Recently a young person who I love named Richard released a new music video for his song “Cops and Robbers.” You can and should watch it below.
I asked Richard about his inspiration for the song and his response was as follows:
“So the idea of the song actually was nothing planned. I was on the Greyhound coming back from a very short spring break and I had just started to re-read Assata Shakur’s Autobiography and I listened to the beat right after I read the first chapter and the first thing I could think of was Cops and Robbers, and how Assata was portrayed and accused and related to my experiences growing up in Chicago.”
I also asked about how he views the role of police in communities like the one he grew up in. His response was that they were “overseers” of the community. I thought that this terminology was instructive and harkens back to the slave patrols which were America’s original police forces.
Recently my comrade Francesco de Salvatore shared his collaboration with a group called the Young Fugitives about policing in Chicago. The project titled “Growing Up With CPD” is a set of audio interviews with young Chicagoans about their experiences with law enforcement.
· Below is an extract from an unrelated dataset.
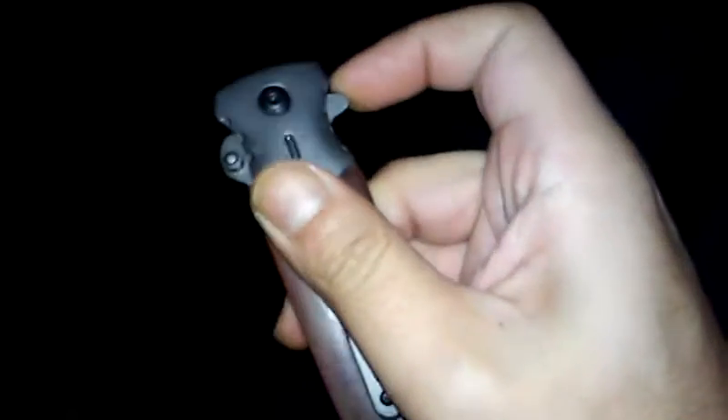It's got the normal thing, the little notch here to open it, and it opens up. It's got this little thing here — pops it right open. It's kind of nifty.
Below is one story.
“Growing Up With CPD” follows on the heels of a similar project that my organization undertook a couple of years ago called “Chain Reaction.” I think that what all of these projects have in common is a desire to surface the voices of young people who feel oppressed by policing in the hope that people will come to rely less on cops as the solution of violence. I hope that people will heed young people’s calls for true justice.